IPIQ messaging patch #1 for SMP

Sun Apr 10 00:02:55 PDT 2005

This will probably be committed sometime next week as well.  I would
    appreciate some additional testing of the patch (requires an SMP system
    of course).

    This patch optimizes the IPI messaging code as follows:

    * Does not send additional HW IPIs if the target cpu is still processing
      IPI messages related to a prior HW IPI.  This *greatly* reduces the
      overhead of sending back-to-back IPI messages to another cpu and
      removes most APIC stall conditions.  As a consequence systems
      now get more IPIQ FIFO-full events (before the APIC stall meant
      that the target cpu tended to drain the FIFO before the originating
      cpu could fill it up).  From testing the number of FIFO full 
      conditions that occur appears reasonable.

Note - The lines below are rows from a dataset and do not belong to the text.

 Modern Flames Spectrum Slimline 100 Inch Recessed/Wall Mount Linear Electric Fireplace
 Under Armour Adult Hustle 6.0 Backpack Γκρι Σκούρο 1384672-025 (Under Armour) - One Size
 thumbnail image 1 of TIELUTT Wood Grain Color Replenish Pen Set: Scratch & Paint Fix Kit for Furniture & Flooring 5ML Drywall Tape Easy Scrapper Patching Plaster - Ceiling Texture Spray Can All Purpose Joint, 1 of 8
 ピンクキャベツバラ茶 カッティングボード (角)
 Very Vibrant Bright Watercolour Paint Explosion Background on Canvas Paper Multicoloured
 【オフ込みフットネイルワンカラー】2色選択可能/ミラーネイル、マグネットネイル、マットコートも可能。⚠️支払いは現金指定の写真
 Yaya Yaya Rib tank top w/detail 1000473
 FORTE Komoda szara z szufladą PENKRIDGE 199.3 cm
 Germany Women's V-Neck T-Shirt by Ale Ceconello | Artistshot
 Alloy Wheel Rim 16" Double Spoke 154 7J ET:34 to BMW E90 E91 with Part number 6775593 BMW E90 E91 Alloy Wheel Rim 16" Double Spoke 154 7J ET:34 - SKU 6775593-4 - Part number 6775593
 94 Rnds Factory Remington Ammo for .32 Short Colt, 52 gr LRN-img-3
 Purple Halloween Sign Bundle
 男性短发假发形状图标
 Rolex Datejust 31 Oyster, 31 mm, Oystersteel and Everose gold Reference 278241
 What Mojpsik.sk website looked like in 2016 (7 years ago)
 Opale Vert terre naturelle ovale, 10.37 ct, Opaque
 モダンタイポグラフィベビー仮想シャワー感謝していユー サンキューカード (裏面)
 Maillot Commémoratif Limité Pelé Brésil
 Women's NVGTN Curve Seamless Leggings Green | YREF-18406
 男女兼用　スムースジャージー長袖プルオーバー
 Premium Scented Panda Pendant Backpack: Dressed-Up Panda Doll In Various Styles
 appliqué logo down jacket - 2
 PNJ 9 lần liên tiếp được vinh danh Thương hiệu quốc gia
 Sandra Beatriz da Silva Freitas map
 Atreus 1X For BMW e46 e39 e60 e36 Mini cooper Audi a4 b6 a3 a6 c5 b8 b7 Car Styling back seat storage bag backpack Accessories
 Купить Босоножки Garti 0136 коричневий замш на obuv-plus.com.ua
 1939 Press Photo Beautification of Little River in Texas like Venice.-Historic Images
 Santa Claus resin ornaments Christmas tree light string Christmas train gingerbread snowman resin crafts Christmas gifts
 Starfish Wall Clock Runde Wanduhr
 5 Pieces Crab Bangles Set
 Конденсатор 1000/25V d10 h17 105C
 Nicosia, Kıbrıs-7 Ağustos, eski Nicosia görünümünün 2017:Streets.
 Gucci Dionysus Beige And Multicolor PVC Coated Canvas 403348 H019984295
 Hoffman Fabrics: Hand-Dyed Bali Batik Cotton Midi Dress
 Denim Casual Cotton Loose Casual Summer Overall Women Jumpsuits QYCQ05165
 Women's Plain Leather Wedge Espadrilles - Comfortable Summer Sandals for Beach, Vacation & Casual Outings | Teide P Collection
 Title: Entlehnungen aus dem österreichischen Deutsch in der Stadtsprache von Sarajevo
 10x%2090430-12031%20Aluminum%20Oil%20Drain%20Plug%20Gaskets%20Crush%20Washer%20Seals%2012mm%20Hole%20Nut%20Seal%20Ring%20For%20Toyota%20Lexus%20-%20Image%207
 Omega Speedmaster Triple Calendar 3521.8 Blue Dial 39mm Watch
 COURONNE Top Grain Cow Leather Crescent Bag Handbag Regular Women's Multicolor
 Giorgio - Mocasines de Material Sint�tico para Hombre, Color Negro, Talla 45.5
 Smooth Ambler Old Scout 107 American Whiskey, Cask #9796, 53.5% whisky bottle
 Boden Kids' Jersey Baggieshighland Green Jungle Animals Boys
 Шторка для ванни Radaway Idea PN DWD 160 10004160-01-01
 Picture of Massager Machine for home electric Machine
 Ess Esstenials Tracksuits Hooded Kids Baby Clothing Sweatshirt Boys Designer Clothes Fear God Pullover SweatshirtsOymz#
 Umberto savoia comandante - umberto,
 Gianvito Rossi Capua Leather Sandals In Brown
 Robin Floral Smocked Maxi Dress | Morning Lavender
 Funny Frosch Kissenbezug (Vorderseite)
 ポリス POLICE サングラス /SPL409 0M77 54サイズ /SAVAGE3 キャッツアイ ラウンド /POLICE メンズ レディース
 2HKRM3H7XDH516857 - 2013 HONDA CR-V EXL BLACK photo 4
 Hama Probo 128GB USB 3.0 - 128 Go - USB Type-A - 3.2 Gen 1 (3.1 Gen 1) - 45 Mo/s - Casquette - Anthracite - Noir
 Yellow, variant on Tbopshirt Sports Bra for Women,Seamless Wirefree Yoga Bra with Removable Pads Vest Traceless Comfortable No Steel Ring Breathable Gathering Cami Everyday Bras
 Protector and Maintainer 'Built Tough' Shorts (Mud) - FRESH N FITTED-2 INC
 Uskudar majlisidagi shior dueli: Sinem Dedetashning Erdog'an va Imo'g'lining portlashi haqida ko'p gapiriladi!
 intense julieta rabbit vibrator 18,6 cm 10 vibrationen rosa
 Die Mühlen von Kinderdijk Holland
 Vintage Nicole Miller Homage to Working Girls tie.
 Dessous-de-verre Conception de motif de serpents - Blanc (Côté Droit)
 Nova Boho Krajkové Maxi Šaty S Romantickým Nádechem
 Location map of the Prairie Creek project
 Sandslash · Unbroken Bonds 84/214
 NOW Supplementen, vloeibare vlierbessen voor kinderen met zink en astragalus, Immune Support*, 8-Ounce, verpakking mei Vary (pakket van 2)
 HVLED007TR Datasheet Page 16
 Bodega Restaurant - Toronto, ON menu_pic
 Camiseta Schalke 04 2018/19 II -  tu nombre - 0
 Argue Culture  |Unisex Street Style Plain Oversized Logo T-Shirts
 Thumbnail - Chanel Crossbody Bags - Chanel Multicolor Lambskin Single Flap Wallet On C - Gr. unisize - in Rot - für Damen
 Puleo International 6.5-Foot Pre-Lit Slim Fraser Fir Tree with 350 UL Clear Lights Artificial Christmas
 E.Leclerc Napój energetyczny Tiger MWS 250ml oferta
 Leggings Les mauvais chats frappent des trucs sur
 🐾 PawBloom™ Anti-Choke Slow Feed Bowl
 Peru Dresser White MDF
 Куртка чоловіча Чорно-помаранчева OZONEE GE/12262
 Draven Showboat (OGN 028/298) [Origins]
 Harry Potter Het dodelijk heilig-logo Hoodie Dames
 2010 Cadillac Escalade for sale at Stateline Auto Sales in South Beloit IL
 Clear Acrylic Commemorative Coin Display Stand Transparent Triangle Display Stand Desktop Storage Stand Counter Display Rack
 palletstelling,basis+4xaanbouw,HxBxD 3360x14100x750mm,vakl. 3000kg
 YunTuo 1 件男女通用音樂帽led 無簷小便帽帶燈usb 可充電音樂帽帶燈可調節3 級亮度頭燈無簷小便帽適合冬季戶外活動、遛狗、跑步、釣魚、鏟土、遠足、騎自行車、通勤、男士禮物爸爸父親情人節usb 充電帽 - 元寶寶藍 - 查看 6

      Plus, if we ever needed it, this also means that we can pipeline large
      numbers of IPI messages between cpus at nearly line-rate, with
      no additional interrupt overhead beyond the first message.

    * Implement a passive IPI message that does not signal the target cpu
      at all.  The target cpu will process the message the next time it
      polls the queue (no less often then once a tick).  Adjust the
      slab free() code to use this new API when freeing blocks owned by 
      a different cpu.  Such messages have huge target latencies (obviously)
      but cost virtually nothing on either the originating or target cpus
      because no hardware IPI is generated for the message.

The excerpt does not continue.